These will require resources. Yet Trump uttered “jaw-dropping comments in Puerto Rico itself” like, “It’s a great trip. Your weather is second to none,” while complaining that “You’ve thrown our budget a little out of whack.” The headline on the piece, Trump’s Past, Puerto Rico’s Future, doesn’t quite lay on the irony as thickly as I’d intended, but here’s the main argument:
How did Trump recover from the unmitigated disaster of his own financial choices? By declaring bankruptcy, refusing to pay his bills and restructuring in ways that left him an income and everyone else with the debts. Instead of railing against the Puerto Ricans for their failure to pull themselves up by their own bootstraps, in this instance Trump for once actually could profitably offer his preferred example for everything: himself.
… Puerto Rico needs a fresh chance to restructure operations, escape its debt, obtain massive new infusions of cash, and rebrand itself as a leader. And it needs all the rest of us to be complicit in that. Just as Donald Trump did.
This begins to get at the point that Trump’s personal brand of dysfunctionality both epitomizes and drives virtually all the spiraling challenges facing the country today. The State of Nation-States is a somewhat academic piece tackling “a point Trump made in passing” in his speech to the United Nations: “that, as he put it, ‘the nation-state remains the best vehicle for elevating the human condition.’” This proposition is debatable because the original impetus for the nation-state “was to reduce violence at the international level … while giving nation-states explicit and unlimited control over violence within their borders – not simply policing against violence but wielding it against their own citizens however they see fit.” Until a year or so ago, most Americans and Europeans would have agreed with “circumscrib[ing] the rights of nations to do whatever they want to the peoples within their borders” – i.e., “human rights” – but global changes are making many more sympathetic to authoritarian regimes.

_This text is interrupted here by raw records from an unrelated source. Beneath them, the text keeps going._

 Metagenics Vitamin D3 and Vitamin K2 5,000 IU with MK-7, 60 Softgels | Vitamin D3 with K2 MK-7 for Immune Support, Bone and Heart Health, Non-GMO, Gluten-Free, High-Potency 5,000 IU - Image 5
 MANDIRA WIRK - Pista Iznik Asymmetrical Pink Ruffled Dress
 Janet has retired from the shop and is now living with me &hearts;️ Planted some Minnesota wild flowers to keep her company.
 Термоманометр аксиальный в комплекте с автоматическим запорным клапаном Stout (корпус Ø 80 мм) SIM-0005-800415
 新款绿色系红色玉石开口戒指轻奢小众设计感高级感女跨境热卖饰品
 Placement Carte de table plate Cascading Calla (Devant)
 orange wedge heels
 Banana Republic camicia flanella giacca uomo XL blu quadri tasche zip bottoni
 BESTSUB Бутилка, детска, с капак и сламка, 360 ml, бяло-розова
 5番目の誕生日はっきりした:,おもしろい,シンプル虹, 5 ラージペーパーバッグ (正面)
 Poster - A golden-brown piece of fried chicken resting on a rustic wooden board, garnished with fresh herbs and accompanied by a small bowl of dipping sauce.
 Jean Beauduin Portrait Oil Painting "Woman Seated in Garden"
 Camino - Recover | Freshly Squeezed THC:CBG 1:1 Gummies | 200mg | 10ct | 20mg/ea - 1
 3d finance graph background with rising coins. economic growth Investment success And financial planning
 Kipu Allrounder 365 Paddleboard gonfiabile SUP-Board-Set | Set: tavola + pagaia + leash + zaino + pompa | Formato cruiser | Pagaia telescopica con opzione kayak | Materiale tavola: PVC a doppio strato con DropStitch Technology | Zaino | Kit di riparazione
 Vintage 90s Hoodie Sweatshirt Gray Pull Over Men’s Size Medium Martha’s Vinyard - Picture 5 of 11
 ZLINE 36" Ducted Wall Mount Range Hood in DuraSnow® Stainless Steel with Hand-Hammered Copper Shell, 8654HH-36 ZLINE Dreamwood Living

The new virtual economy leapfrogs borders and generates changes that are leaving many behind economically and undermining aspects of their lives that they until now have taken for granted. For those less globally connected, the threats – physical, cultural, religious and economic (as well as cosmopolites who don’t seem to mind all those) – all seem associated with territoriality. The traditional nation-state therefore appears to be their bulwark, forging an odd, new coalition between traditionalists in cutting-edge economies and repressive states with extractive economies – personified in the rise of Donald Trump.
That takes me to the piece I grappled with for weeks and rewrote multiple times in the wake of the violence in Charlottesville and Trump’s kulturkampf reaction to it – The Rise of Zero-Sum Politics – which concluded:
For all the Hitler comparisons, Trump is really more reminiscent of Mao: Besides seething resentment and authoritarianism, Mao’s most notable personality trait was a constant need to throw everything around him into chaos. Having fractured the Republican Party into its constituent parts and driven a wedge between them, Trump, with his unerring sense for disruption, now has embraced the opposition.
I ended with a perhaps implausible prediction: Eventually, “Trump will endorse some form of single-payer health care plan” – not because he supports the idea (he obviously has no clue on health policy), but rather because “it would wipe Obamacare off the books” and “rupture the Democrats as badly as he has already his own party.” We’ll see if I’m right.